**TO DO**
The whole listing, please: repeat it exactly, with the pictures left out.

**DATASET EXCERPT**
-- -- --

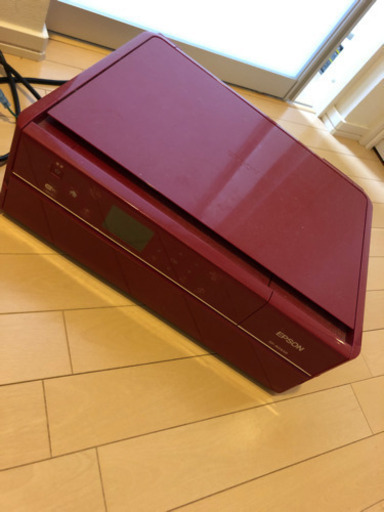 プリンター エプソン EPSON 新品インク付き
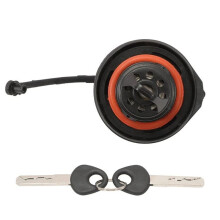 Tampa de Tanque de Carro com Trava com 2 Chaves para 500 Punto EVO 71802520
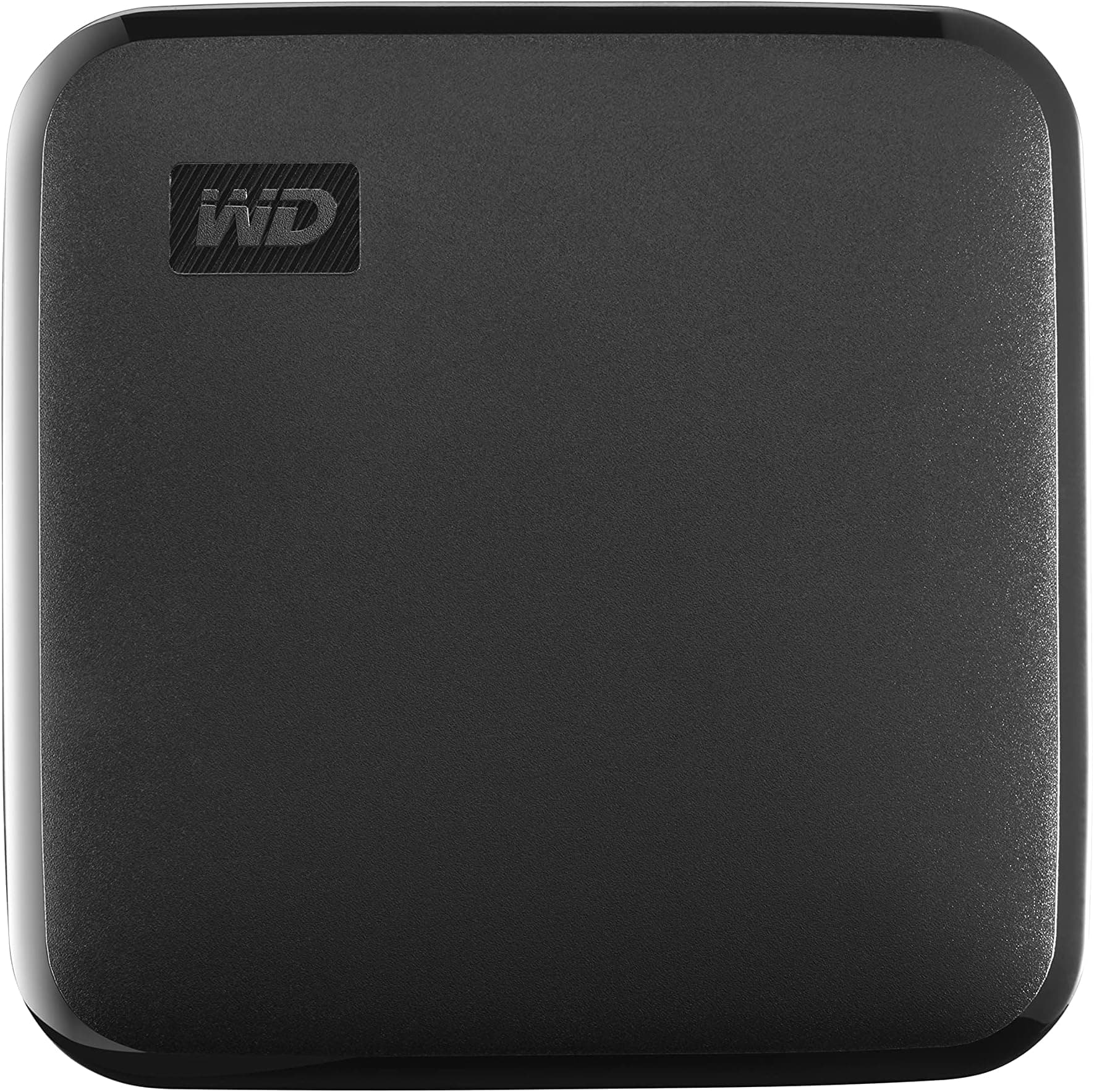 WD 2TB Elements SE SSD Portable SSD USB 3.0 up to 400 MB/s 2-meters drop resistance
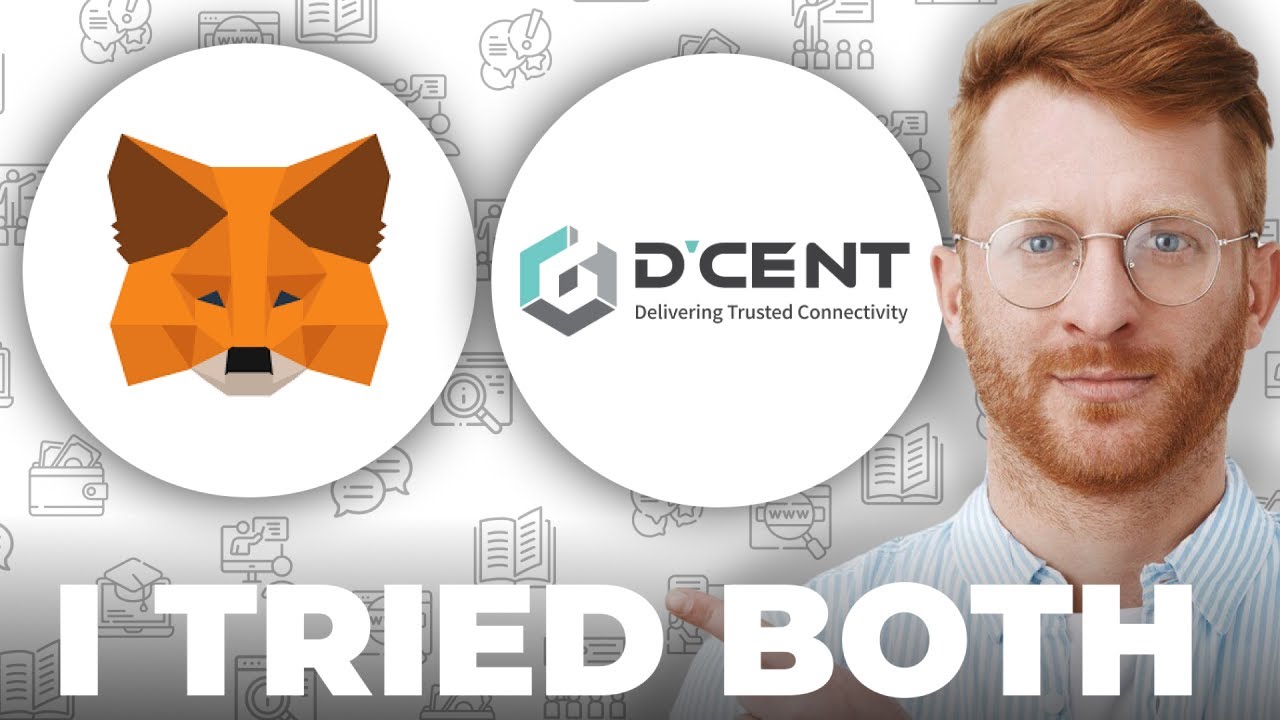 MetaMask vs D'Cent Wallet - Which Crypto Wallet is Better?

-- -- --

**ANSWER BELOW**
 プリンター エプソン EPSON 新品インク付き
 Tampa de Tanque de Carro com Trava com 2 Chaves para 500 Punto EVO 71802520
 WD 2TB Elements SE SSD Portable SSD USB 3.0 up to 400 MB/s 2-meters drop resistance
 MetaMask vs D'Cent Wallet - Which Crypto Wallet is Better?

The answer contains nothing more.